Extracted entries:
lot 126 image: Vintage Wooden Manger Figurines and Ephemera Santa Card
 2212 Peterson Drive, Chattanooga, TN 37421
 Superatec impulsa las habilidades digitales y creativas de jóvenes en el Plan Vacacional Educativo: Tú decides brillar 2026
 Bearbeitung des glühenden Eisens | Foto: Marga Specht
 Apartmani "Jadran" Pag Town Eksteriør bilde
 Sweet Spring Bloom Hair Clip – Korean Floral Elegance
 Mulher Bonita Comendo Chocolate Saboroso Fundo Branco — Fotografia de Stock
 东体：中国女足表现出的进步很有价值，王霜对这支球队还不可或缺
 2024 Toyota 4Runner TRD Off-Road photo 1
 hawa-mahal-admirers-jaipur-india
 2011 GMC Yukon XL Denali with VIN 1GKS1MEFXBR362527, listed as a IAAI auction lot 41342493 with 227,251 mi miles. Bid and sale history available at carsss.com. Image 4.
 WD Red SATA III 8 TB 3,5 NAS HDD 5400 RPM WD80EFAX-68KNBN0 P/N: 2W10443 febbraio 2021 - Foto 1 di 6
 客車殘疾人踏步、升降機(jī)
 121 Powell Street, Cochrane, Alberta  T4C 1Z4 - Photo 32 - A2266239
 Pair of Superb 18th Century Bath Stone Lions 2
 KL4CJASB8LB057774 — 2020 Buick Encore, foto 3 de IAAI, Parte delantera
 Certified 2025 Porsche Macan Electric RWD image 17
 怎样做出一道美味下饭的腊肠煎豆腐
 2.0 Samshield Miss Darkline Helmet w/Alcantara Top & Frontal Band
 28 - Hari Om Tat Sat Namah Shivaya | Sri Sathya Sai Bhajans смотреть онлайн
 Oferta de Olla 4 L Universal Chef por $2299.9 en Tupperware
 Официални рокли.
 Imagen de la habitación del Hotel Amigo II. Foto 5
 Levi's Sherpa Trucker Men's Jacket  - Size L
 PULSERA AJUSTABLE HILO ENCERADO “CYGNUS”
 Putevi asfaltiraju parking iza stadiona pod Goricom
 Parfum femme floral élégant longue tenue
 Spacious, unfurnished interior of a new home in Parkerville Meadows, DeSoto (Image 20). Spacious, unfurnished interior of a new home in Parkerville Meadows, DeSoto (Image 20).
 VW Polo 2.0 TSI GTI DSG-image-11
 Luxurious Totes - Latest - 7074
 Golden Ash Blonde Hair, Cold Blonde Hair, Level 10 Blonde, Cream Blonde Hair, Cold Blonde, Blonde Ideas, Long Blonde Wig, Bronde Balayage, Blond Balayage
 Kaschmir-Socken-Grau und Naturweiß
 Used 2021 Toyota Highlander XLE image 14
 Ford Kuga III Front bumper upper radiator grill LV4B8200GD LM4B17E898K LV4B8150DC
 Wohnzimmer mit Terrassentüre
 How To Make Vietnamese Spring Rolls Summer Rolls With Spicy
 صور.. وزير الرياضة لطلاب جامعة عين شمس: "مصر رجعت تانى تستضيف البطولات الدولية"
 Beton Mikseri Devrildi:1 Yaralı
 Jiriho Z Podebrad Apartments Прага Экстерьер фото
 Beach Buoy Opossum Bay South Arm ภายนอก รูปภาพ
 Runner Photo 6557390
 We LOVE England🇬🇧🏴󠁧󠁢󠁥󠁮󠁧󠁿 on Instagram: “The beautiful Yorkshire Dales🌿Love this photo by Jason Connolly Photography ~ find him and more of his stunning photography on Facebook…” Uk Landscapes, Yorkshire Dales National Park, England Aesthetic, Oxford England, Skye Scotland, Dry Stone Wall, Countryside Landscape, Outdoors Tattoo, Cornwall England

Problem details: Bring together each line above where the string "Hair" turns up.

Reply to the exercise:
 Sweet Spring Bloom Hair Clip – Korean Floral Elegance
 Golden Ash Blonde Hair, Cold Blonde Hair, Level 10 Blonde, Cream Blonde Hair, Cold Blonde, Blonde Ideas, Long Blonde Wig, Bronde Balayage, Blond Balayage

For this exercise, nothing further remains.